American University trustees are nearing completion of a probe into hundreds of thousands of dollars of questionable expenses by suspended President Benjamin Ladner and his wife, according to two sources with knowledge of the audit.
The school's 25-member governing Board of Trustees will meet within a few weeks to discuss the results and decide how to proceed with Ladner, who became president of the private university in Northwest Washington in 1994.
Ladner was placed on administrative leave Aug. 24, a few months after the board began reviewing the expenses of the president and his wife, Nancy Bullard Ladner, who is described on the university's Web site as a volunteer who represents the Ladner presidency.
Ladner's duties are being carried out by the acting president, Cornelius M. Kerwin, who had been provost.
The audit was prompted by an anonymous letter detailing what it said were questionable travel and entertainment expenses by the Ladners, according to sources close to the investigation who spoke on condition of anonymity to protect their role.
Ladner did not return repeated phone calls. His attorney, David Ogden, said that after reviewing the issues involved in the audit, "we are confident that it will result in a positive outcome for him."

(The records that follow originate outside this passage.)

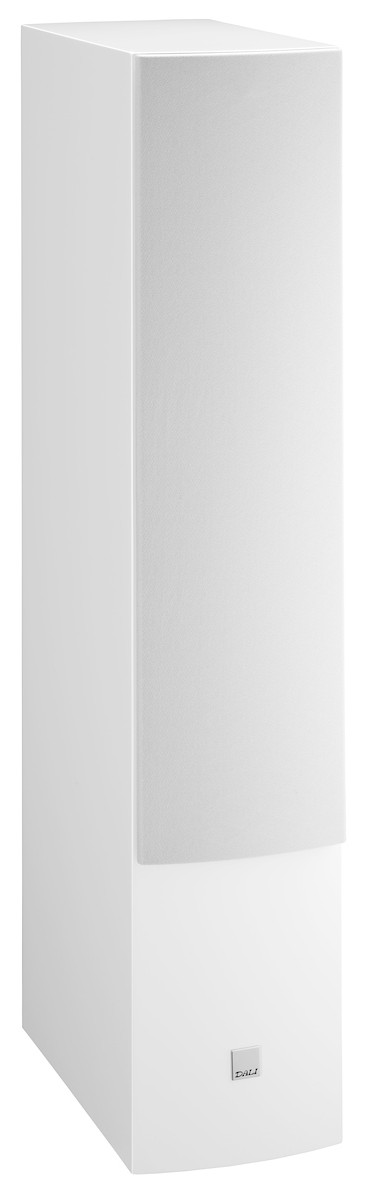 Auditorium Dali Rubicon 8 Frontbespannung  276750 - 1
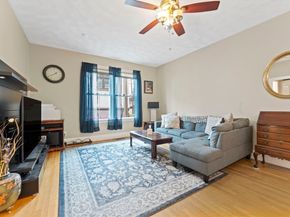 8 Common St 1, Stoneham MA 02180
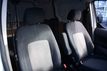 2019 Ford Transit Connect Van XL LWB w/Rear Symmetrical Doors - 23000671 - 16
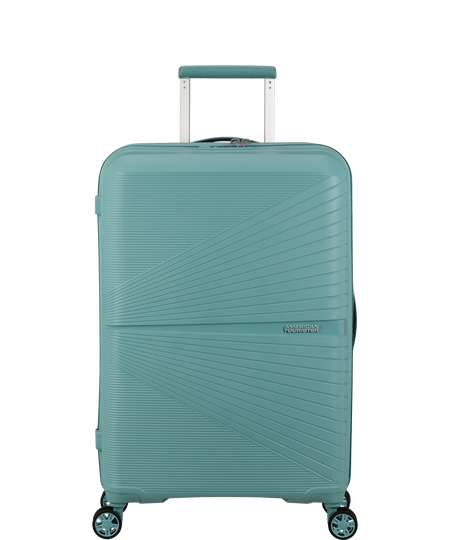 Airconic 67cm Middelgrote ruimbagage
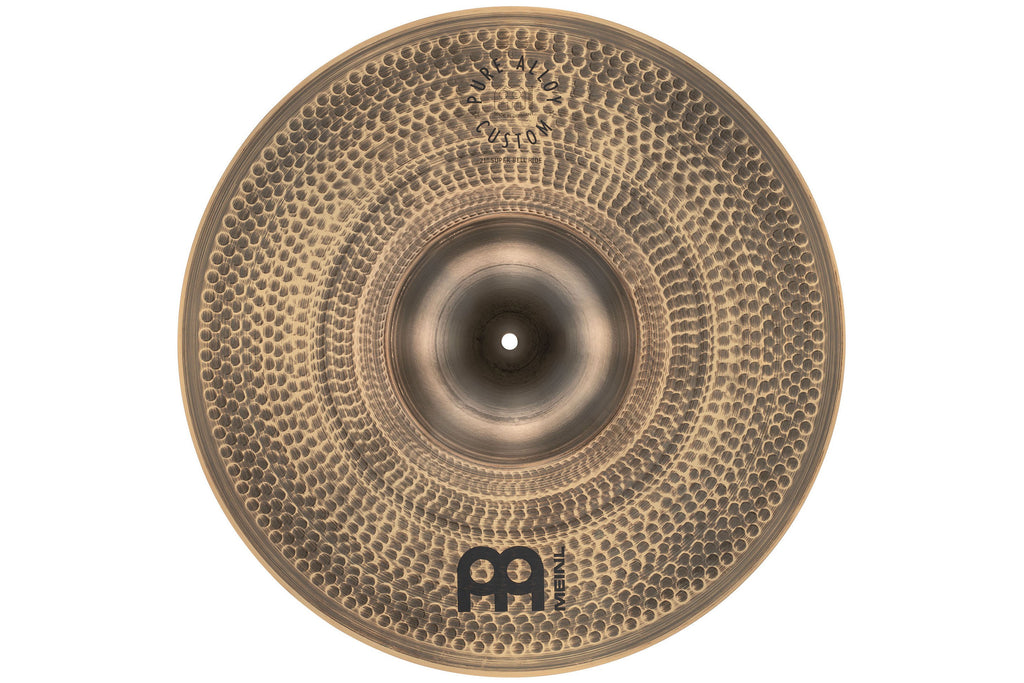 Meinl_Cymbals_Pure_Alloy_Custom_Super_Bell_Ride_21_1.jpeg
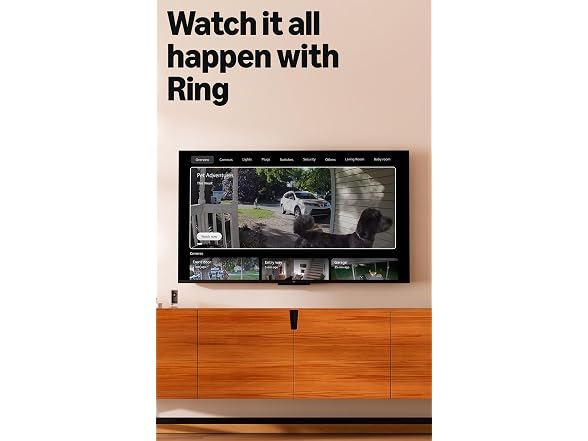 (NEW) Amazon Fire TV Stick 4K Plus with AI-powered Fire TV Search - Gallery 11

Leslie E. Bains, the new chairman of the board under whom the investigation was launched, did not return numerous phone calls, and other trustees would not publicly discuss the probe.
A third source familiar with the investigation said that trustees were reviewing $300,000 to $400,000 in expenses over several years but that the total could be higher. Included was the use of a university car for personal reasons, the source said.
Reginald Green, one of Ladner's former chauffeurs, said the Ladners often used the university car for personal reasons, including requiring him to take in and pick up their laundry and the work shirts of their chef. Ladner hired the chef early in his tenure, raising eyebrows at the time about his spending.
Ladner's base salary last year was $633,000, according to Internal Revenue Service records.